- [ABOUT THIS EXERCISE]:
Find the line containing "Chloe Croco Medium Genuine Leather Bag", then print it and each following line through the end of the records, exactly and with nothing added; leave out any pictures.

- [INPUT RECORDS]:
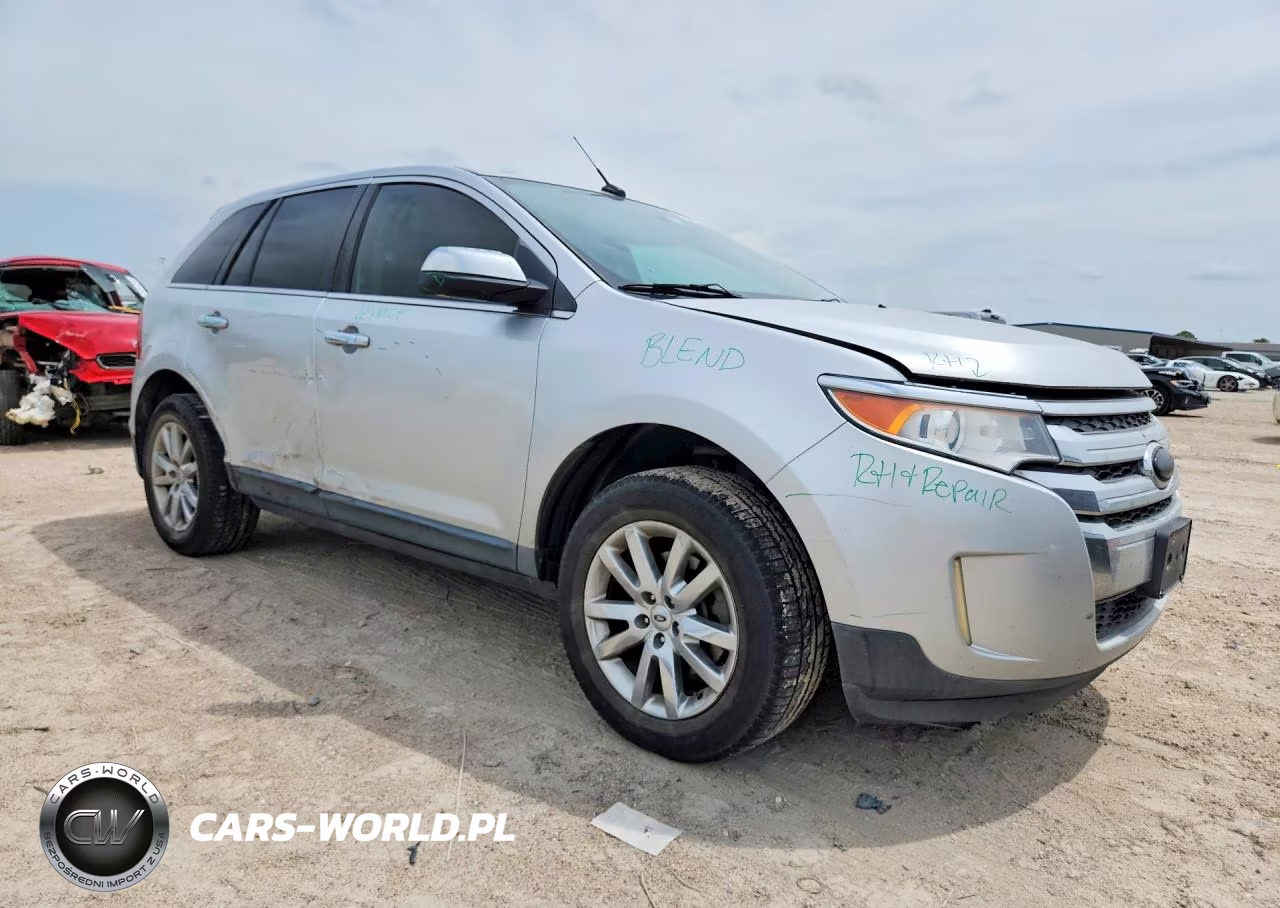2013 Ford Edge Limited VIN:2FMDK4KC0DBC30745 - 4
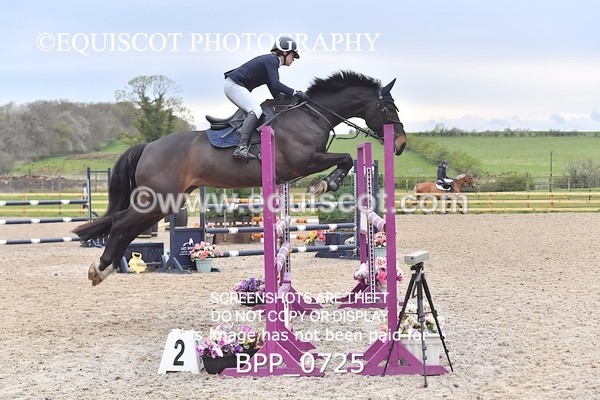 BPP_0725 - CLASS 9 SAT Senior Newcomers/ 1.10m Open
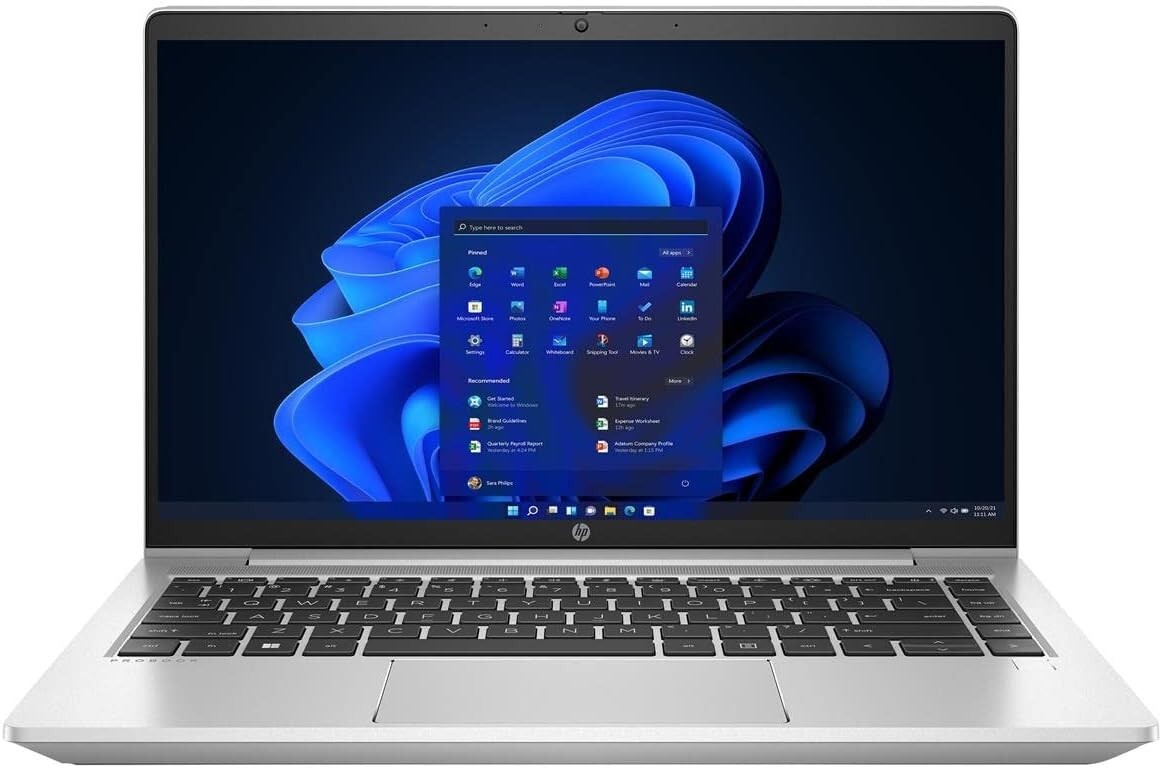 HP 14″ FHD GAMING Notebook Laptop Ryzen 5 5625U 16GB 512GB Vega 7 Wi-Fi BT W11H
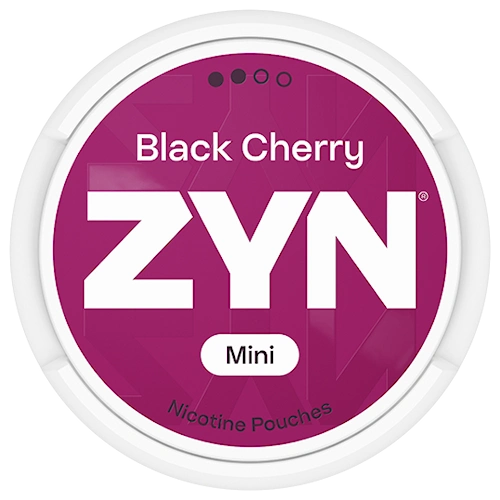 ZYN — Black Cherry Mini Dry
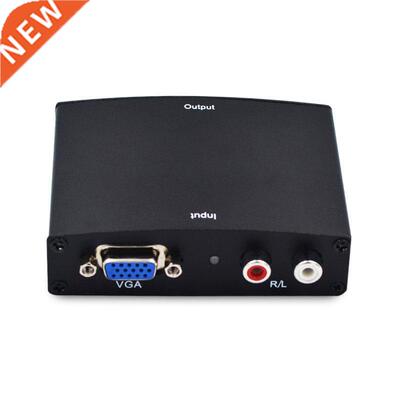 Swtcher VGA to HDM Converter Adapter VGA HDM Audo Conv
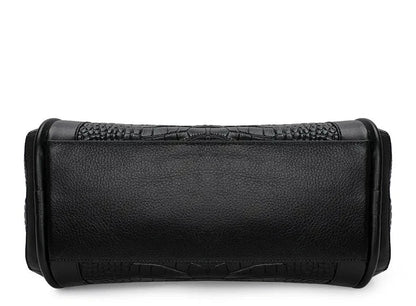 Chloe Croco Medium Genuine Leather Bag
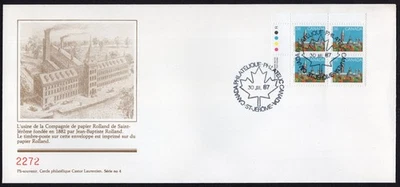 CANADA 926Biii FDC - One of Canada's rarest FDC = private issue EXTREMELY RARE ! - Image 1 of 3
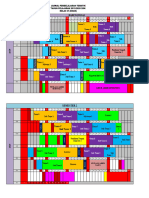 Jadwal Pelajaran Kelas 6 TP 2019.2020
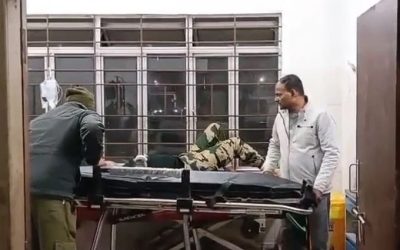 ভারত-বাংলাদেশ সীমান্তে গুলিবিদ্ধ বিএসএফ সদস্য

- [ANSWER SPACE]:
 Chloe Croco Medium Genuine Leather Bag
 CANADA 926Biii FDC - One of Canada's rarest FDC = private issue EXTREMELY RARE ! - Image 1 of 3
 Jadwal Pelajaran Kelas 6 TP 2019.2020
 ভারত-বাংলাদেশ সীমান্তে গুলিবিদ্ধ বিএসএফ সদস্য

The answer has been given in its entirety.